Grab your worksheet and let’s go!

Appendix: Full Simulation Code

Show code
# ============================================================================
# EXAMPLE 1: MISMATCH - Ignoring nested structure
# Demonstrates FALSE POSITIVE from pseudoreplication
# ============================================================================

library(lme4)
library(ggplot2)
library(dplyr)

set.seed(42)

n_fields <- 5
n_plots_per_field <- 4

mismatch_data <- expand.grid(
  field = factor(1:n_fields),
  plot = 1:n_plots_per_field
) |>
  mutate(
    treatment = rep(c("control", "control", "fertilizer", "fertilizer"), n_fields),
    treatment = factor(treatment, levels = c("control", "fertilizer"))
  )

# Large field-to-field variation
field_effects <- data.frame(
  field = factor(1:n_fields),
  field_effect = c(-12, -5, 2, 8, 14)
)

true_effect <- 0  # NO TRUE EFFECT!

mismatch_data <- mismatch_data |>
  left_join(field_effects, by = "field") |>
  mutate(
    yield = 50 + field_effect + 
            ifelse(treatment == "fertilizer", true_effect, 0) +
            rnorm(n(), mean = 0, sd = 1.5)
  ) |>
  # Create confounding between treatment and field quality
  mutate(
    yield = yield + ifelse(treatment == "fertilizer", field_effect * 0.15, 0)
  )

# Compare wrong vs correct
wrong_model <- lm(yield ~ treatment, data = mismatch_data)
correct_model <- lmer(yield ~ treatment + (1|field), data = mismatch_data)
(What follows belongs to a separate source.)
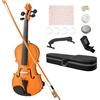 Violino 4/4 in Legno per Principianti e Adulti con Custodia Marrone Arco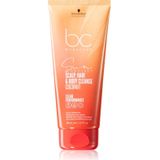 Schwarzkopf Professional BC Bonacure Sun Protect Scalp, Hair & Body Cleanse Shampoo voor Haar en Lichaam 200 ml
# Wrong model shows "significant" effect (p < 0.05)
summary(wrong_model)

# Correct model shows non-significant (as it should be - no true effect!)
summary(correct_model)

Appendix: Full Simulation Code (continued)

Show code
# ============================================================================
# EXAMPLE 2: GOOD MATCH - Poisson GLM for counts
# ============================================================================

set.seed(2024)
n_per_group <- 30

goodmatch_data <- data.frame(
  plant_id = 1:(2 * n_per_group),
  treatment = factor(rep(c("native", "non_native"), each = n_per_group),
                     levels = c("non_native", "native"))
)

baseline_visits <- 8
native_effect <- 0.5  # Log-scale

goodmatch_data <- goodmatch_data |>
  mutate(
    log_mu = log(baseline_visits) + 
             ifelse(treatment == "native", native_effect, 0),
    visits = rpois(n(), lambda = exp(log_mu))
  )

poisson_model <- glm(visits ~ treatment, family = poisson, 
                     data = goodmatch_data)
summary(poisson_model)

# Interpretation
exp(coef(poisson_model)["treatmentnative"])  # Multiplicative effect

Appendix: Full Simulation Code (continued)

Show code
# ============================================================================
# EXAMPLE 3: OVERCOMPLICATED - Simple question, complex method
# ============================================================================

set.seed(2024)
n_trees <- 30

overcomp_data <- data.frame(
  tree_id = 1:(2 * n_trees),
  forest_type = factor(rep(c("deciduous", "coniferous"), each = n_trees))
)

deciduous_mean <- 18
coniferous_mean <- 22
tree_sd <- 4

overcomp_data <- overcomp_data |>
  mutate(
    height = ifelse(forest_type == "deciduous",
                    rnorm(n(), deciduous_mean, tree_sd),
                    rnorm(n(), coniferous_mean, tree_sd))
  )

# Simple and appropriate!
t.test(height ~ forest_type, data = overcomp_data)

# Or equivalently
lm(height ~ forest_type, data = overcomp_data) |> summary()